In the first embodiment of the invention, it is expedient if the heat conductors consist of multiple constituent parts which are releasably connected to one another. For the cleaning of the container, the heat transfer body and those sections of each heat conductor which project into the container can be dismounted without any problems.
In order to reduce the humidity of the gas mixture by condensation, at least one condensation surface is arranged in the inner chamber. The condensation surface is a defined surface which is different from the inner surfaces of the housing. Due to the separation of the condensation surface from the housing, it is possible for uncontrolled condensation and accumulations of condensed water to be avoided in the housing.
Contamination of the inner chamber of the incubator by condensing moisture is avoided particularly effectively in an embodiment of the present invention in that the moisture of the gas mixture condenses on the surface of the liquid in the container, which surface at the same time forms the condensation surface. The heat is transferred from the liquid surface to the cooling body arranged outside the housing with the aid of the at least one heat conductor. For this purpose, an end of each heat conductor which is remote from the cooling body dips into the liquid. To improve the heat transfer, the end of the at least one heat conductor is connected in a heat-conducting manner to a heat exchange body, wherein the heat exchange body dips at least partially, but preferably completely, into the liquid. The heat exchange body likewise consists of a material with good heat conductivity, such as for example copper or aluminum.
In a preferred embodiment, the heat exchange body is arranged in such proximity to the bottom of the container that the heat exchange body is still completely covered by liquid in the case of a lowest liquid level in the container being reached. Starting from the heat exchange body, each heat conductor may be led out of the container via the water surface through the opening exposing the surface. Alternatively, it is possible for the heat conductor to be led out through a wall of the container.

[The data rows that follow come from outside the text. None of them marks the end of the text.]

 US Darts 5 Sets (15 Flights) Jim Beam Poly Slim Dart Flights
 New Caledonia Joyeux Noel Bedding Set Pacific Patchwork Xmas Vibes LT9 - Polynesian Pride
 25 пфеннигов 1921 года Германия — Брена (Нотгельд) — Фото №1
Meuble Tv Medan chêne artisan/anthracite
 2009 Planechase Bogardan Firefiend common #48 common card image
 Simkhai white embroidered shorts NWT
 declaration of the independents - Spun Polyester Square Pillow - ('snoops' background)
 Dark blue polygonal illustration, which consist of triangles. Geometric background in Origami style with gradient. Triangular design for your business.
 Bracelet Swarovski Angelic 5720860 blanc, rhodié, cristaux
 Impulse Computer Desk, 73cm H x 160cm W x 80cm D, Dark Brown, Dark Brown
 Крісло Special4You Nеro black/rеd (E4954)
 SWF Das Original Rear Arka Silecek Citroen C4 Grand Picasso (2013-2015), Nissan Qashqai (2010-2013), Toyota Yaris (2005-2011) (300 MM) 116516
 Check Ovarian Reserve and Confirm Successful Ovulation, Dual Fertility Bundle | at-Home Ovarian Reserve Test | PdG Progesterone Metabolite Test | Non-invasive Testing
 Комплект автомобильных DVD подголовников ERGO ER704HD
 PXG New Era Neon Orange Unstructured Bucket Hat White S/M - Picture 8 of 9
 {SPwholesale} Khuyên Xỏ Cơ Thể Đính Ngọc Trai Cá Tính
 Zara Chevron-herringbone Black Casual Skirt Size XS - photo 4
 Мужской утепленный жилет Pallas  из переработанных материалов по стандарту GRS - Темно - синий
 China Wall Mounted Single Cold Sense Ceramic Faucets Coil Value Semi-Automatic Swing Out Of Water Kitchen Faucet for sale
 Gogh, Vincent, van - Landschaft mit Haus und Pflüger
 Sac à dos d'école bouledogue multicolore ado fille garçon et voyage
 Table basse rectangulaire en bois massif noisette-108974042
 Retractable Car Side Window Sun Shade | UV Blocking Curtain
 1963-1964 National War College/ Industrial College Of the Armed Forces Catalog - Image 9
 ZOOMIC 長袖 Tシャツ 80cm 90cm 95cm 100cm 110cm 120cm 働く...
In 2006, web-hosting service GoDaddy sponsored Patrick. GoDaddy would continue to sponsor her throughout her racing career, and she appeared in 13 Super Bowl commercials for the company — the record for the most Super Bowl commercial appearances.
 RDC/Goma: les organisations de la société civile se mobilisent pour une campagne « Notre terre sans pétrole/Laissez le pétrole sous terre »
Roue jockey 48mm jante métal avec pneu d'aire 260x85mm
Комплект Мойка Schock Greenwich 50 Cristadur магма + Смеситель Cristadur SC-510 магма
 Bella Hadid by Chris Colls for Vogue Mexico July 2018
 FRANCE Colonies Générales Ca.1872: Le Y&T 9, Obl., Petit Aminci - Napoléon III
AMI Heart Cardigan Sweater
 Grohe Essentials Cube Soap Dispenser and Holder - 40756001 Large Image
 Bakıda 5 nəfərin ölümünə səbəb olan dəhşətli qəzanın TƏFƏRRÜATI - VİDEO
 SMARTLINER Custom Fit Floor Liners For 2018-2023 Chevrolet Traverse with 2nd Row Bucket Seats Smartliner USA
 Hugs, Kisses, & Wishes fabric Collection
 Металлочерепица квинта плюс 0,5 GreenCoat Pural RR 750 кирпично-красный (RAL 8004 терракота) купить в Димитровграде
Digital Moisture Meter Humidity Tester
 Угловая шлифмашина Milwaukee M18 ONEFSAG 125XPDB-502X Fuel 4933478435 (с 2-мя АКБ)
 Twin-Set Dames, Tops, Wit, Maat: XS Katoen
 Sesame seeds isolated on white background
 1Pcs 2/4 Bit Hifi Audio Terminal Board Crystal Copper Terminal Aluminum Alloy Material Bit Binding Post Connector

In a second embodiment of the invention, the moisture condenses on the surface of a heat exchange body which is separate from the incubator housing and which is arranged in the inner chamber of the incubator. In this case, the surface of the heat exchange body forms the condensation surface. The heat exchange body consists of material with good heat conductivity, such as for example copper or aluminum. Connected to the heat exchange body is the at least one heat conductor for transferring the heat from the heat exchange body to the cooling body arranged outside the housing.
In order to enlarge the condensation surface formed by the heat exchange body, the heat exchange body may be structured, for example by lamellae which are arranged parallel to one another. In order to avoid contamination of the inner chamber as a result of moisture condensing on the heat exchange body, the heat exchange body is arranged above the at least one opening in the container such that the condensate flows or drips directly into the liquid container arranged below the heat exchange body.
In both embodiments of the incubator according to the present invention, the heat transfer from the cooling body to the ambient air is able to be varied by varying the flow of the ambient air along the heat-emitting surfaces of the cooling body by at least one fan. The fan is for example an axial fan whose axis of rotation is substantially perpendicular to the wall to which the cooling body is fastened. The fan is expediently fastened to the cooling body, with the result that the cooling body and the at least one fan form a structural unit.
The fan may be integrated into the humidity regulation so that the air throughput through the cooling body is able to be reduced if required. A reduction in the air throughput allows the continuous transfer of heat to the cooling body to be reduced, with the result that low evaporative capacity is required in the case of high target values for the humidity of the gas mixture. In particular, the fan(s) may be switched off or have their rotational speed reduced to achieve high target values of the humidity of the gas mixture.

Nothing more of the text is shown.